Task to carry out — Extract all data as written.
--- Supplied records Enclosed Below ---
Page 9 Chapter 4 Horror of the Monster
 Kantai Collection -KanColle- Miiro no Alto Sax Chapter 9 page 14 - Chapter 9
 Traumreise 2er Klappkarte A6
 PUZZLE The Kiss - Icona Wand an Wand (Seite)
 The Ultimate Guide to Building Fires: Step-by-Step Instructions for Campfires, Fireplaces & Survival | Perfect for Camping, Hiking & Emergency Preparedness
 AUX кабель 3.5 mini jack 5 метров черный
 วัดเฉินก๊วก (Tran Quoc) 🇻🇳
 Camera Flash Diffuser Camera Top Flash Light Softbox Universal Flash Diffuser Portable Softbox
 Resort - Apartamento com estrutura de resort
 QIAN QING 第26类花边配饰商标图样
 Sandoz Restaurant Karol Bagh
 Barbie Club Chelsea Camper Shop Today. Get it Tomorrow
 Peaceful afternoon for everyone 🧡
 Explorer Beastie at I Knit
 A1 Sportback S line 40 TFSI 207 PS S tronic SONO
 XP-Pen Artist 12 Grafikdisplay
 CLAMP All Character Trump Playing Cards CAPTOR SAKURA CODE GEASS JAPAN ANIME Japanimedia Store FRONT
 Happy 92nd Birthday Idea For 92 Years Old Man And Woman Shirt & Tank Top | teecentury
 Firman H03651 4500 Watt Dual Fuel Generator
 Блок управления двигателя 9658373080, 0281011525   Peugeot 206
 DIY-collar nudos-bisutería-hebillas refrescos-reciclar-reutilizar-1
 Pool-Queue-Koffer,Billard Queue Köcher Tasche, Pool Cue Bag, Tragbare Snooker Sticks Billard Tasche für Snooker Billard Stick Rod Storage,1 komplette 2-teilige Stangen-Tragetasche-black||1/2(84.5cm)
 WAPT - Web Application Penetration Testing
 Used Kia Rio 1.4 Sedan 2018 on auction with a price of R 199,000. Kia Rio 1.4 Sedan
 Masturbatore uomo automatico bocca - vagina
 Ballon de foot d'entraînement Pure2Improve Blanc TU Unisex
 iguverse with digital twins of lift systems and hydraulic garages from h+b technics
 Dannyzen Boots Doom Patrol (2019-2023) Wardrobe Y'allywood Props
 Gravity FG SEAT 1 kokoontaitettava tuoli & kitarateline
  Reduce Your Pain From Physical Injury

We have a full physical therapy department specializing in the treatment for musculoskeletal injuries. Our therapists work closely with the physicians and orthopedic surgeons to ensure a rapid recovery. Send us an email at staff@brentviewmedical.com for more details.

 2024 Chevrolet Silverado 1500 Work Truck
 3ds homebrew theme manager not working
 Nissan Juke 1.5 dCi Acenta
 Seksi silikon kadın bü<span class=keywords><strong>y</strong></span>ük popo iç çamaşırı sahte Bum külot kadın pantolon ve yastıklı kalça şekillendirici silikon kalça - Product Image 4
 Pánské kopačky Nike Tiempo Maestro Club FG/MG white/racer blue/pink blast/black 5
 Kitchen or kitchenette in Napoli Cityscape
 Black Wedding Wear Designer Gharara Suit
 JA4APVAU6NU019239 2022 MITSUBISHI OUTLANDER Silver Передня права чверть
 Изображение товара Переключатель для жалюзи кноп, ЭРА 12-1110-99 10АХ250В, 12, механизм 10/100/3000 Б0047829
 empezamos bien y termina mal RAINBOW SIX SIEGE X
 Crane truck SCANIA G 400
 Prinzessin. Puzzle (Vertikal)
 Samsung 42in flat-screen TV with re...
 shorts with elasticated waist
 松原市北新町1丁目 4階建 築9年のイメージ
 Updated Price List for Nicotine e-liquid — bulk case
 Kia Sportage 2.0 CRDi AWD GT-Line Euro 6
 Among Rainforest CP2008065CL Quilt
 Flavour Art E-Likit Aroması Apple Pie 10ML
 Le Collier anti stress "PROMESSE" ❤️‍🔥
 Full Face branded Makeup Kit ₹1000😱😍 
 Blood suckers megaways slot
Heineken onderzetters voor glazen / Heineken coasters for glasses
--- End of Enclosed Supplied records ---
Exercise answer —
Page 9 Chapter 4 Horror of the Monster
 Kantai Collection -KanColle- Miiro no Alto Sax Chapter 9 page 14 - Chapter 9
 Traumreise 2er Klappkarte A6
 PUZZLE The Kiss - Icona Wand an Wand (Seite)
 The Ultimate Guide to Building Fires: Step-by-Step Instructions for Campfires, Fireplaces & Survival | Perfect for Camping, Hiking & Emergency Preparedness
 AUX кабель 3.5 mini jack 5 метров черный
 วัดเฉินก๊วก (Tran Quoc) 🇻🇳
 Camera Flash Diffuser Camera Top Flash Light Softbox Universal Flash Diffuser Portable Softbox
 Resort - Apartamento com estrutura de resort
 QIAN QING 第26类花边配饰商标图样
 Sandoz Restaurant Karol Bagh
 Barbie Club Chelsea Camper Shop Today. Get it Tomorrow
 Peaceful afternoon for everyone 🧡
 Explorer Beastie at I Knit
 A1 Sportback S line 40 TFSI 207 PS S tronic SONO
 XP-Pen Artist 12 Grafikdisplay
 CLAMP All Character Trump Playing Cards CAPTOR SAKURA CODE GEASS JAPAN ANIME Japanimedia Store FRONT
 Happy 92nd Birthday Idea For 92 Years Old Man And Woman Shirt & Tank Top | teecentury
 Firman H03651 4500 Watt Dual Fuel Generator
 Блок управления двигателя 9658373080, 0281011525   Peugeot 206
 DIY-collar nudos-bisutería-hebillas refrescos-reciclar-reutilizar-1
 Pool-Queue-Koffer,Billard Queue Köcher Tasche, Pool Cue Bag, Tragbare Snooker Sticks Billard Tasche für Snooker Billard Stick Rod Storage,1 komplette 2-teilige Stangen-Tragetasche-black||1/2(84.5cm)
 WAPT - Web Application Penetration Testing
 Used Kia Rio 1.4 Sedan 2018 on auction with a price of R 199,000. Kia Rio 1.4 Sedan
 Masturbatore uomo automatico bocca - vagina
 Ballon de foot d'entraînement Pure2Improve Blanc TU Unisex
 iguverse with digital twins of lift systems and hydraulic garages from h+b technics
 Dannyzen Boots Doom Patrol (2019-2023) Wardrobe Y'allywood Props
 Gravity FG SEAT 1 kokoontaitettava tuoli & kitarateline
  Reduce Your Pain From Physical Injury

We have a full physical therapy department specializing in the treatment for musculoskeletal injuries. Our therapists work closely with the physicians and orthopedic surgeons to ensure a rapid recovery. Send us an email at staff@brentviewmedical.com for more details.

 2024 Chevrolet Silverado 1500 Work Truck
 3ds homebrew theme manager not working
 Nissan Juke 1.5 dCi Acenta
 Seksi silikon kadın bü<span class=keywords><strong>y</strong></span>ük popo iç çamaşırı sahte Bum külot kadın pantolon ve yastıklı kalça şekillendirici silikon kalça - Product Image 4
 Pánské kopačky Nike Tiempo Maestro Club FG/MG white/racer blue/pink blast/black 5
 Kitchen or kitchenette in Napoli Cityscape
 Black Wedding Wear Designer Gharara Suit
 JA4APVAU6NU019239 2022 MITSUBISHI OUTLANDER Silver Передня права чверть
 Изображение товара Переключатель для жалюзи кноп, ЭРА 12-1110-99 10АХ250В, 12, механизм 10/100/3000 Б0047829
 empezamos bien y termina mal RAINBOW SIX SIEGE X
 Crane truck SCANIA G 400
 Prinzessin. Puzzle (Vertikal)
 Samsung 42in flat-screen TV with re...
 shorts with elasticated waist
 松原市北新町1丁目 4階建 築9年のイメージ
 Updated Price List for Nicotine e-liquid — bulk case
 Kia Sportage 2.0 CRDi AWD GT-Line Euro 6
 Among Rainforest CP2008065CL Quilt
 Flavour Art E-Likit Aroması Apple Pie 10ML
 Le Collier anti stress "PROMESSE" ❤️‍🔥
 Full Face branded Makeup Kit ₹1000😱😍 
 Blood suckers megaways slot
Heineken onderzetters voor glazen / Heineken coasters for glasses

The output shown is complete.